The best overall measure of kidney function is the glomerular filtration rate (GFR), but it is difficult to measure this directly or to estimate it, these requiring either injections of a marker substance with repeated blood sampling or a single blood sample with analysis of a 24 hour urinary collection. The routine laboratory measurement that best reflects the GFR is the serum creatinine, but this is affected by things other than the GFR, most importantly—because creatinine is a product of muscle metabolism—the patient's muscle mass. If two patients have the same GFR, then the one with greater muscle mass will have higher serum creatinine. Similarly, if two patients have the same serum creatinine, then the one with the greater muscle mass will have higher GFR. This effect can be substantial: if an elderly woman has the same serum creatinine as a young man, then she has a GFR of about half as much.
The reason that the eGFR gives a truer picture of the patient's renal function than the serum creatinine is because it makes allowance for differences in muscle bulk between patients. It is calculated from the serum creatinine using a formula that was first developed in a US study of Modification of Diet in Renal Disease (hence ‘MDRD formula’) that takes account of three variables that affect the patient's likely muscle mass, these being:
age—on average, younger adults have more muscle than older adults sex—on average, men have more muscle than women and race—on average, Afro-Caribbeans have more muscle than whites
All biochemistry laboratories now provide the eGFR with any measurement of serum creatinine originating from primary care, taking account of the patient's age and sex, both of which are always known because they are used for sample identification purposes, and with a caveat added to the results' display to say that the eGFR should be multiplied by a factor of 1.2 to obtain a correct value if the patient is Afro-Caribbean.
Limitations of the eGFR
In some circumstances, the eGFR is unreliable.
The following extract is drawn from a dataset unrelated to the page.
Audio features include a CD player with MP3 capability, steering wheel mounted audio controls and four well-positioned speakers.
Its calculation, as explained above, is based on the assumption that patients are of average muscle bulk for their age and sex; hence, it is obviously inaccurate for those who depart markedly from this average. The eGFR will be an overestimate of true renal function in any patient who is underweight and wasted and an underestimate in any patient with greater than average muscle bulk, most dramatically in the ‘body builder’.
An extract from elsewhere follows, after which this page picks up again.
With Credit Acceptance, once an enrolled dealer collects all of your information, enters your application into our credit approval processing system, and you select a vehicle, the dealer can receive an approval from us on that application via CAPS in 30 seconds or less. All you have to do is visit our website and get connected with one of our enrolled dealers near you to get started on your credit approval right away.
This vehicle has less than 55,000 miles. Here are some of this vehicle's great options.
It is also important to recognize that the eGFR cannot be used in all circumstances that the serum creatinine is measured. It depends on renal function being stable; hence, it can never be applied to any patient with acute kidney injury (acute renal failure), and for this reason some biochemistry laboratories do not report eGFR on blood samples taken from hospital inpatients. It cannot be used in children (aged less than 18 years) or pregnant women, and it has not been validated for ethnic groups other than Caucasians and Afro-Caribbeans. Another important issue is that very few patients over the age of 80 years were included in the population whose data were used as the basis for the MDRD formula; hence, the reporting of eGFR in the elderly is much less secure than in younger adults, and it is in the elderly that most of the problems associated with determination of CKD arise.
Epidemiology of CKD
CKD, in particular CKD stage 3, is very common. Table 2 shows the age-related prevalence of CKD stages 3–5, with that for CKD stage 3 rising from 1.4% in those aged less than 65 years to about 30% in those aged 75 years or more. Figure 1 shows prevalence of the different stages of CKD in a typical general practice population.
Prevalence of CKD (percentage of the population affected)
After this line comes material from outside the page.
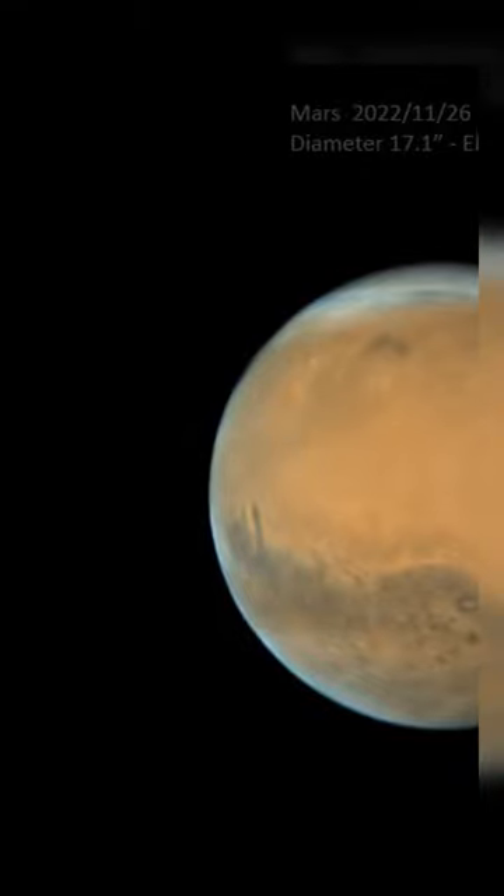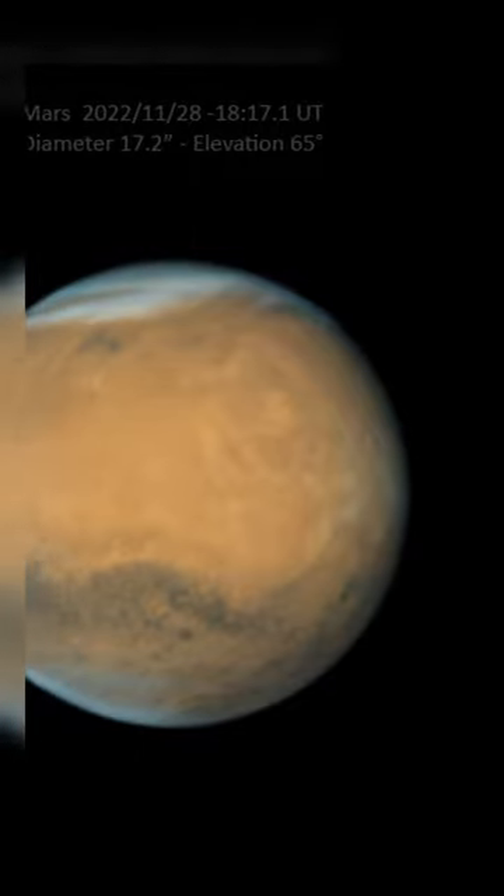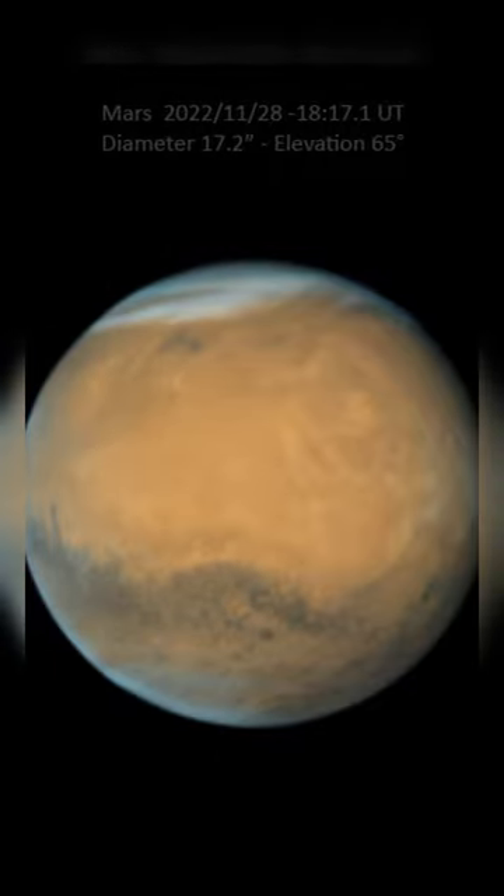Olympus Mons, largest of the volcanoes in the Tharsis Montes region — in both images it's the whitish donut shape at the upper right. The dark area visible near center is the Terra Serenum region, while the long dark peninsula closest to the planet's eastern limb is Sinus Gomer. At top of the planet is the north polar cap covered with ice and clouds.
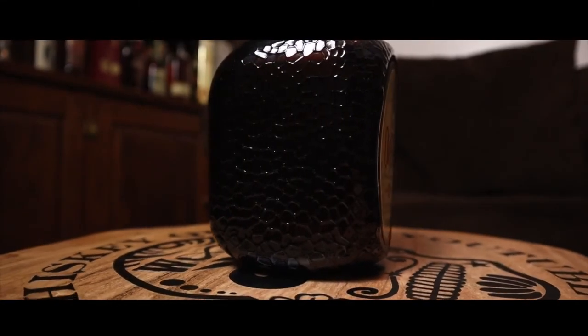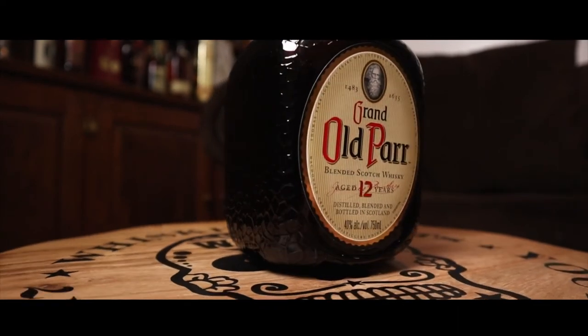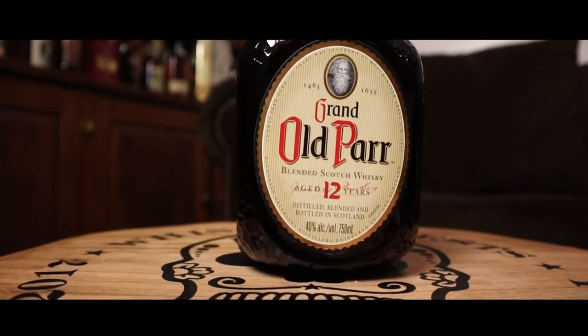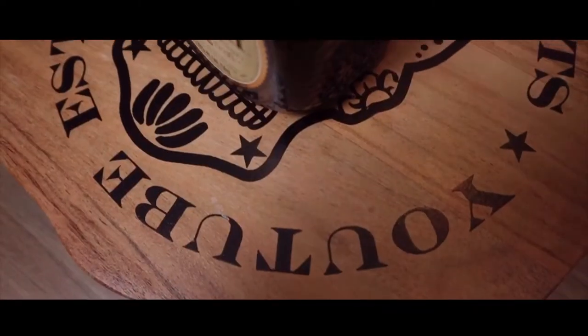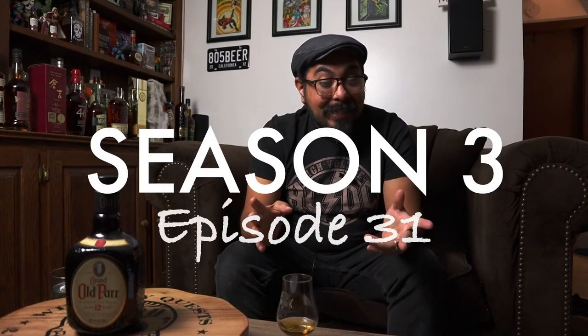Hey, welcome back Whiskey Questers to another episode of Whiskey Quest. Today I'll be reviewing Grand Old Parr — it's a blended Scotch whiskey, 12 years age stated. A lot of you guys have joined the channel, just want to say thank you very much for subscribing.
Prevalence of different stages of CKD in a typical GP practice of 10 000 patients.
What is the cause of CKD stage 3? The vast majority of patients are elderly and do not have any discrete, recognizable renal pathology. Most nephrologists regard them as having age-related decline in renal function that may be more pronounced than average. They do not require renal investigation unless eGFR is declining rapidly or there is reason to suspect a renal inflammatory cause (most typically suggested by significant proteinuria and/or haematuria).
The clinical significance of CKD
The definition of CKD and its appearance in the QOF have led GPs to determine whether or not their patients have the condition, which has revealed many cases—often referred to as an ‘epidemic’—of CKD stage 3. Is this good or bad? Opinion within the renal community is divided. Some argue that anything that raises the general profile of kidney disease is likely to be beneficial to kidney patients and therefore a good thing. However, aside from this ‘political’ viewpoint, there are significant arguments both for and against.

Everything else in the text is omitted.